The importance of understanding and preserving West Indian culture is a prominent theme in Walcott's works. Many of his plays, often called "folk dramas," are firmly rooted in the common life and language of the West Indies, and they frequently evoke Caribbean dialect and legends. These folk dramas, including "The Sea at Dauphin," lone, Ti-Jean and His Brothers, and Dream on Monkey Mountain, are considered his most effective work for the theater. "The Sea at Dauphin," a tale of the St. Lucian fishing community's struggle to survive the forces of the sea, is derived from West Indian folklore and marks Walcott's first use of the native idiom. Ti-Jean and His Brothers, in which a humble, sensible boy named Ti-Jean succeeds in outwitting the Devil, continues the folk tradition by blending a morality play and a West Indian fable.

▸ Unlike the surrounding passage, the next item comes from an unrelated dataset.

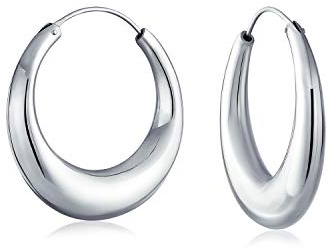 Círculo Simple Llano Creciente Tubo Afilado Hueco Tubo Hinchado Aros Redondos Para Mujeres .925 Plata De Ley Bisagra Poste Entallado 1.75 Pulgadas De Diámetro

The play celebrates the triumph of native resourcefulness over imperialist power and also comments on racism and the exploitation of the poor by the wealthy. Walcott explained his use of folklore and dialectical speech in this work: "The great challenge for me was to write as powerfully as I could without writing down to the audience, so that the large emotions could be taken in by a fisherman or a guy on the street, even if he didn't understand every line." Dream on Monkey Mountain is often considered Walcott's most successful play. It focuses on a charcoal vendor who descends from his mountain home to sell his wares but is jailed for drunkenness. While in jail, he dreams of becoming the king of a united Africa. Walcott has said that Dream on Monkey Mountain is about the West Indian search for identity and is concerned with the damage inflicted on the human soul by colonialism. Combining dream and reality in the play, Walcott emphasizes what he perceives to be the dangers of replacing the realities of Caribbean cultural diversity with a romanticized vision of Africa in the hope of reestablishing cultural roots. Instead, Walcott advocates introspection and art as the means to rediscover one's personal and cultural heritage. He continues his search for identity in such later plays as O Babylon!, which focuses on the Rastafarian rejection of Western culture, Remembrance, and Pantomime.

CRITICAL RECEPTION

Critics and reviewers of Walcott's plays have focused on their synthesis of diverse elements—cultural, theatrical, linguistic—as well as their merging of dreams and reality. Lowell Fiet has examined Walcott's use of a variety of theatrical techniques and devices in his plays and has argued that increasingly "the act of performance itself, the play and/or plays within the play, rehearsals, creative processes, theatre settings, and actor/writer/artist characters become increasingly prominent metaphors in [Walcott's] interpretation of Caribbean culture and society." In a consideration of Walcott's use of "contradictory" language in Dream on Monkey Mountain, Jan R. Uhrbach has observed mat in the play nothing is certain: "Everything constantly changes: the characters' identities; the balance between reality and dream; the meanings of words, phrases, symbols, and images." Robert D. Hamner has underscored the playwright's utilization of a variety of theatrical and cultural material, calling Walcott's work a "theater of assimilation." This drama, he contends, "provides unique evidence in support of Donne's 'No man is an island, entire of itself.' Not only are mere elements of poetry, music, dance, narrative, mime; and influences of Eastern, Western, and local folk traditions; but undergirding them all is the personal experience of a comprehending intelligence; the man and the artist in the West Indies, Derek Walcott."